Task requirements: Retyping should cover only the lines from the one containing "Colonne de douche" through the final line of the records, with pictures omitted.

Captioned web images
◆ ◆ ◆ ◆ ◆
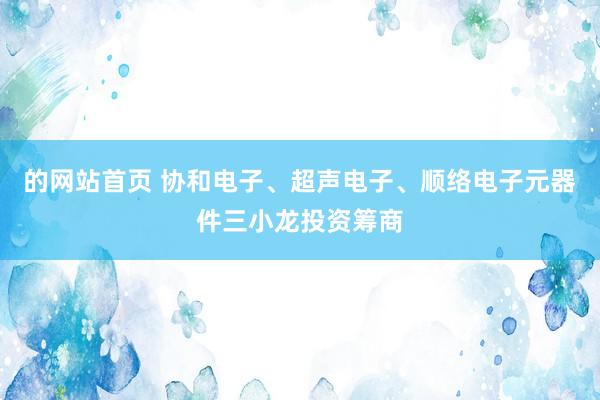 的网站首页 协和电子、超声电子、顺络电子元器件三小龙投资筹商
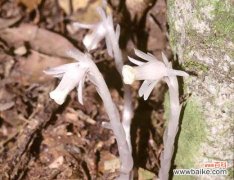 透明的水晶兰 水晶兰花语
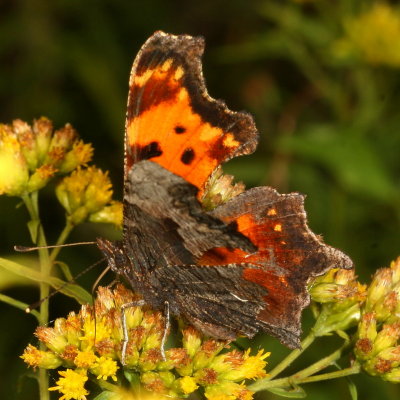 Gray Comma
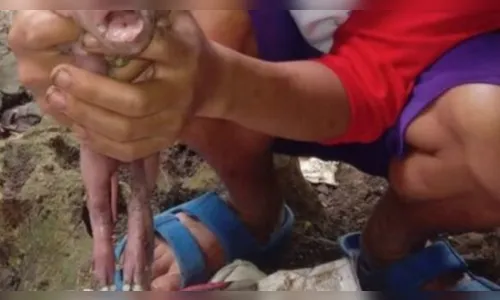 Leitão nasce com rosto de bebê humano; veja foto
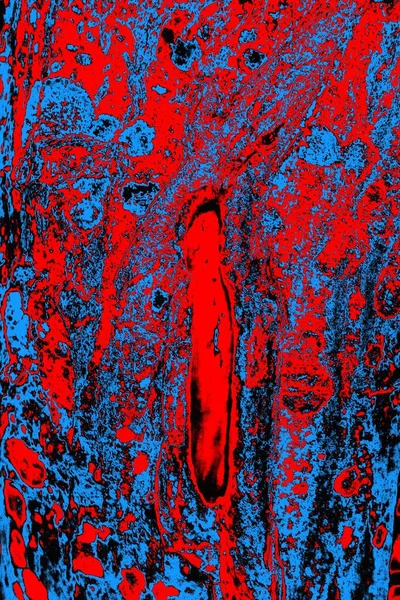 要約明るい赤青テクスチャ背景 コピースペース壁紙 — ストック写真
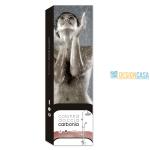 Colonne de douche 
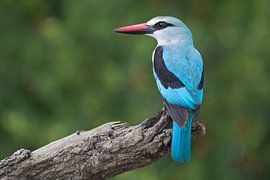 Woodland kingfisher by Marijke Arends-Meiring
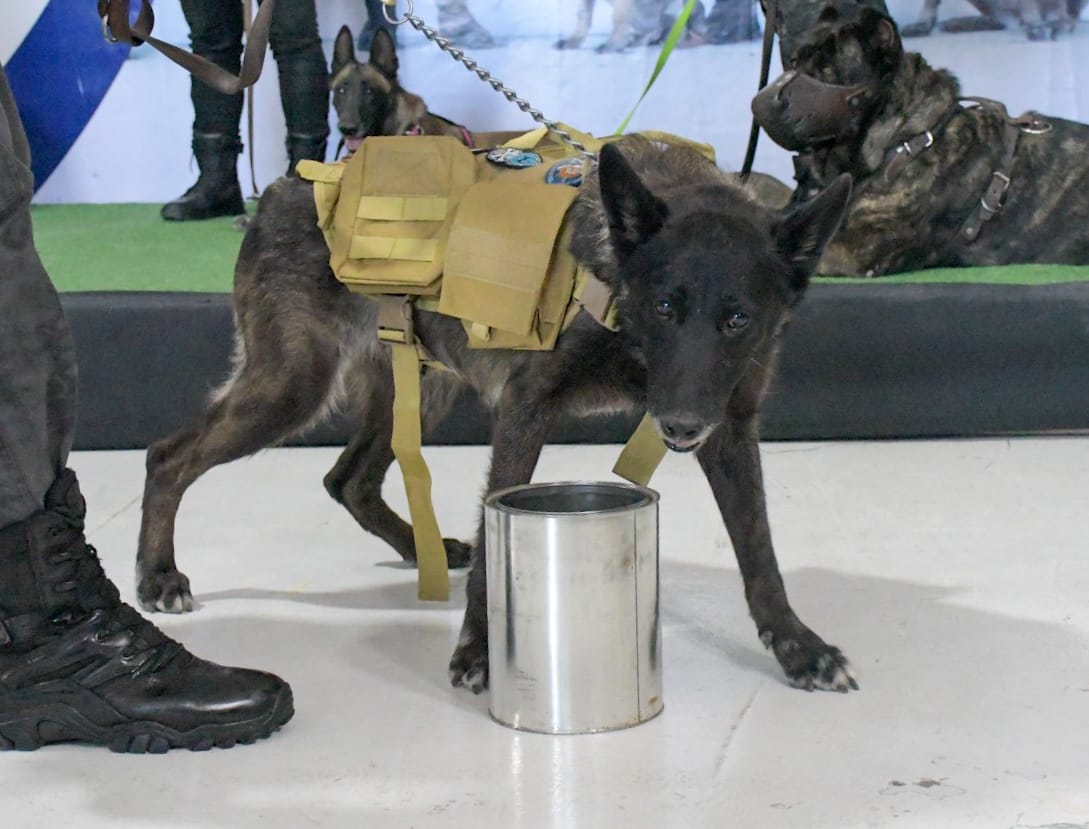 ¡Héroes de cuatro patas! Nezahualcóyotl estrena unidad canina para salvaguardar escuelas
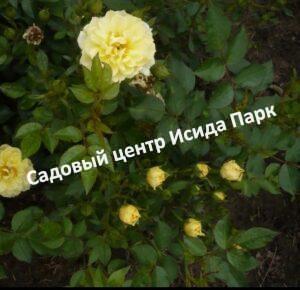 Роза Еллоу Фейри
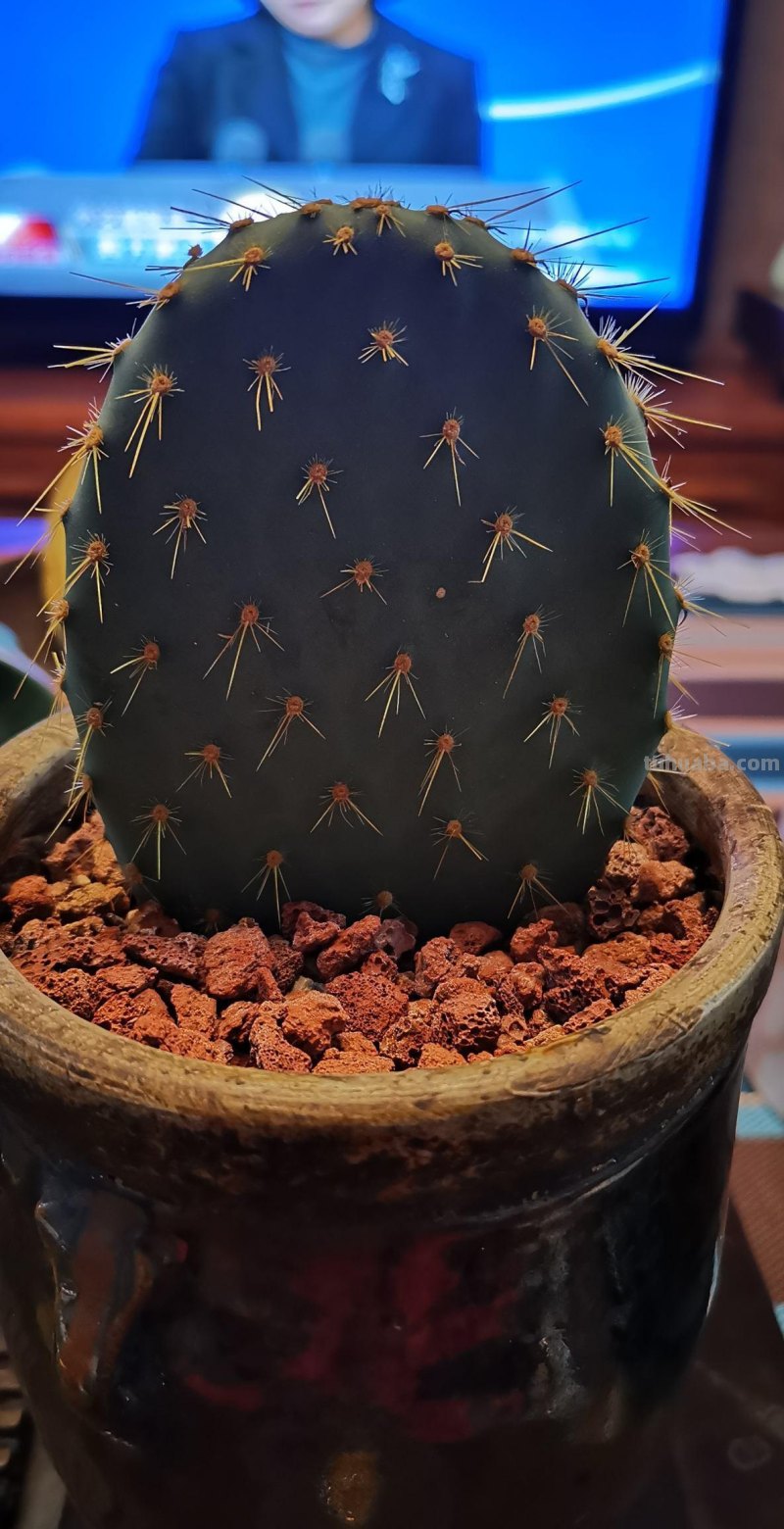 跟风买的网红仙人掌，教你5招养护技巧，颜值不得了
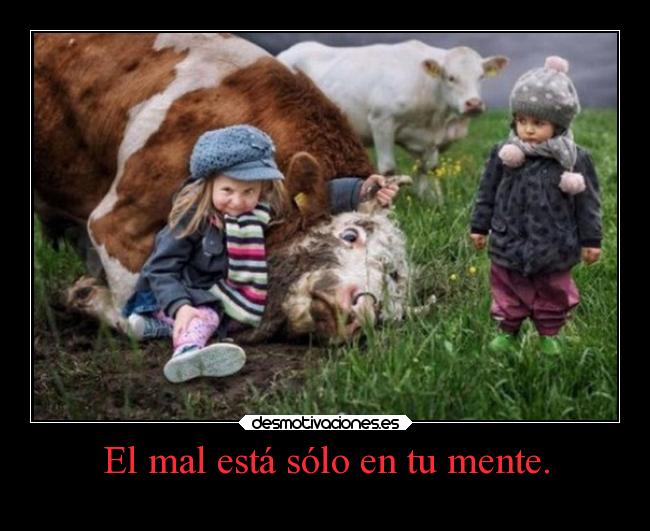 carteles enfados desmotivaciones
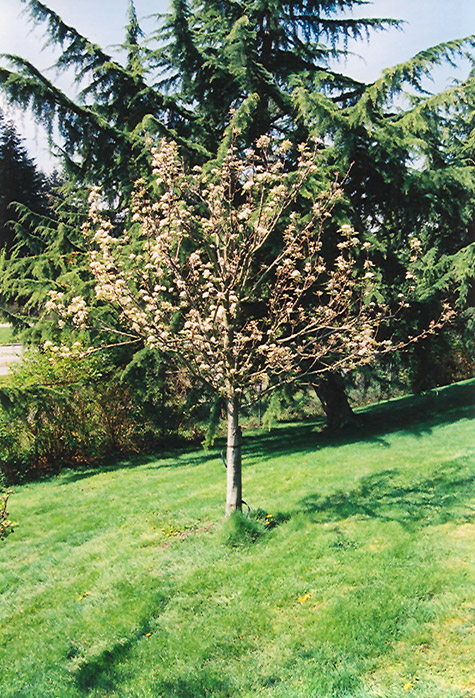 Stella Cherry (Prunus avium 'Stella') at Alsip Home and Nursery
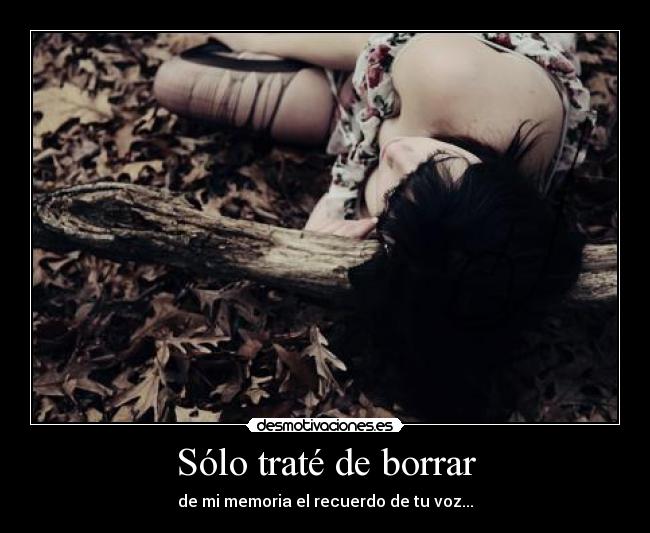 Sólo traté de borrar - 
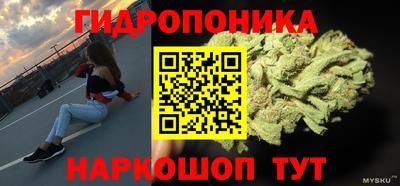 индика Северобайкальск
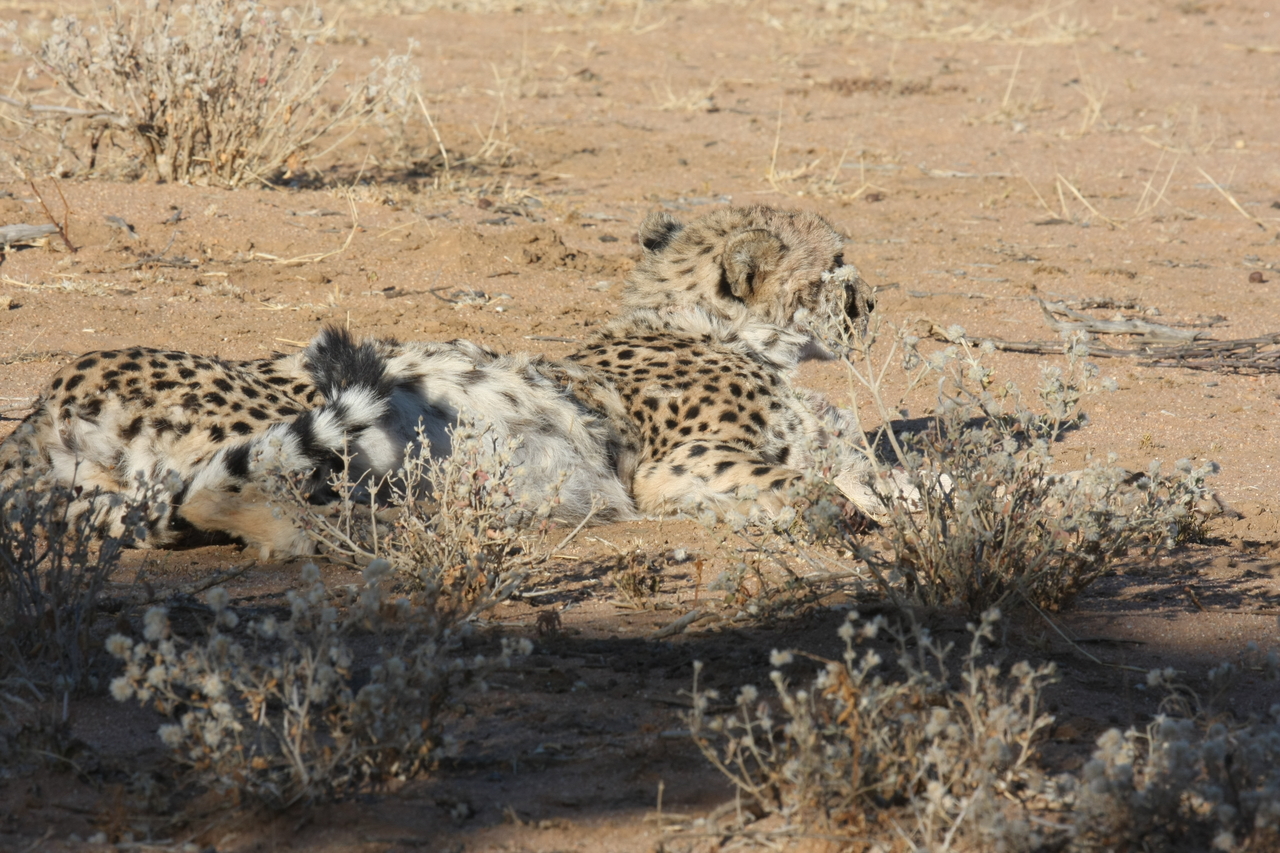 [889] 2016_06_22_02_47_41_Africa_Canon_EOS_40D_IMG__07583.jpg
◆ ◆ ◆ ◆ ◆
Output for this task:
 Colonne de douche 
 Woodland kingfisher by Marijke Arends-Meiring
 ¡Héroes de cuatro patas! Nezahualcóyotl estrena unidad canina para salvaguardar escuelas
 Роза Еллоу Фейри
 跟风买的网红仙人掌，教你5招养护技巧，颜值不得了
 carteles enfados desmotivaciones
 Stella Cherry (Prunus avium 'Stella') at Alsip Home and Nursery
 Sólo traté de borrar - 
 индика Северобайкальск
 [889] 2016_06_22_02_47_41_Africa_Canon_EOS_40D_IMG__07583.jpg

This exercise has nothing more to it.